The race to be second

The race to be second

Hear me out on this one. It may sound strange at first, in an industry that likes to promote itself with phrases like, “you heard it here first,” but I think we’re not actually in a race to be the first.

To win and survive, I believe we should actually strive to find an equilibrium among speed, urgency and the robustness of the experience we offer to our audience.

In past presentations to students, I’ve called this, “The race to be second.”

Let me try to convince you, too.

4 truths

  1. We’re very rarely first to publish. Even if we beat all of our competitors in the market, the odds are that a police department has already posted something on Twitter or a witness has tagged us in an Instagram post. As evidenced with the Denver Police Department’s recent switch to encrypted scanners, a growing number of public agencies believe they can and should do their own first-line reporting.
  2. Being first to publish can actually cause our audience to search elsewhere for information, if we’re offering incomplete context or a frustrating experience.
  3. Most users only have a handful of news apps on their phone, and perhaps only one or two that are local. Similarly, we cannot expect the audience to follow every competitor on social media.

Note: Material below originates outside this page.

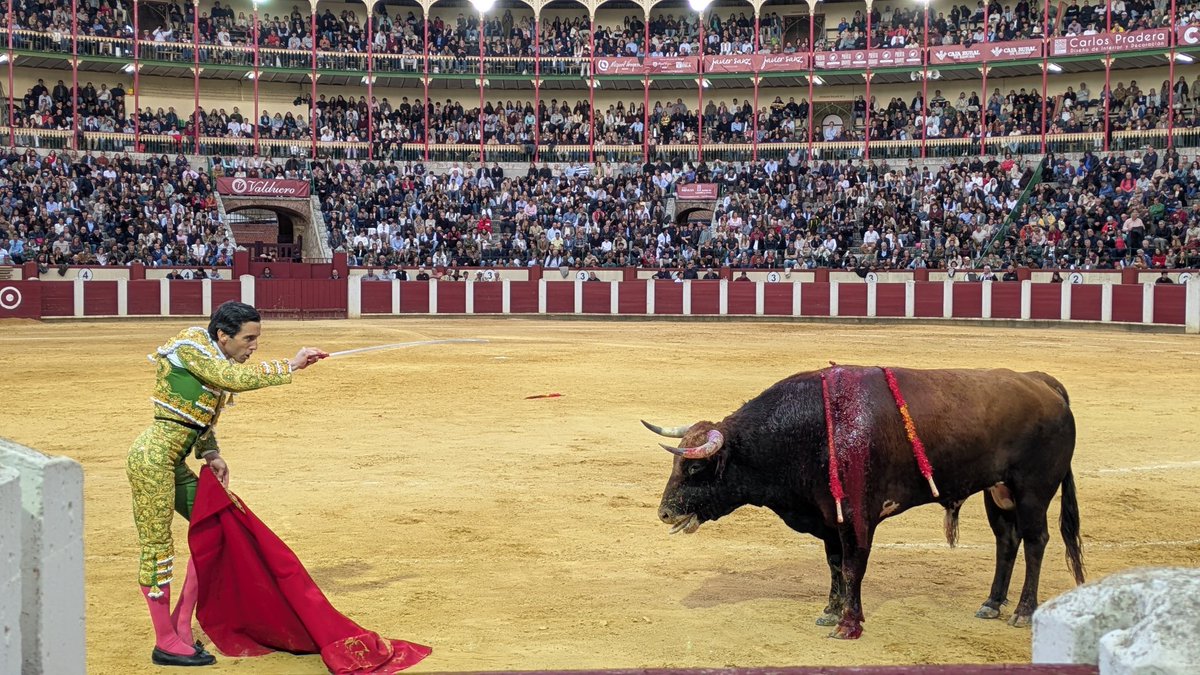 José Tomás tweet media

As professionals we follow everyone, and that can give us a false sense of how the public perceives our competitive speed.
  4. Audiences care more about how we serve them and less about how we compare with other outlets.

And now, the syllogism

If you agree with my truths above (And why wouldn’t you? They’re truths, after all.), you should reach a conclusion that speed alone is not a factor which can ensure long-term loyalty.

My assertion is that we should strive to find the right balance between speed and context.

We don’t want to be last to publish because the passing of time dulls the urgency of a piece of breaking news. That’s why I call this the race to be second, not third or fourth.

We also don’t want to publish something that seems noticeably incomplete, because the audience is smart enough to ask obvious questions and look elsewhere for answers.

If the seesaw of possible outcomes stretches between fast-but-frustrating and slow-but-complete, I suggest that a balanced strategy will give our audience the best experience — and that’s what keeps them coming back for more.

Where the race doesn’t apply

Obviously, the race to be second applies primarily to daily breaking news. It doesn’t apply to enterprise or investigative stories.

There is an important similarity, however. If we’re publicizing an investigative story, we want to have our ducks in a row so that the holistic experience can be robust, engaging and informative — which are same criteria we seek to balance in the race to be second with breaking news.

The difference between breaking news and news we break is that timeliness is less of a factor in the later.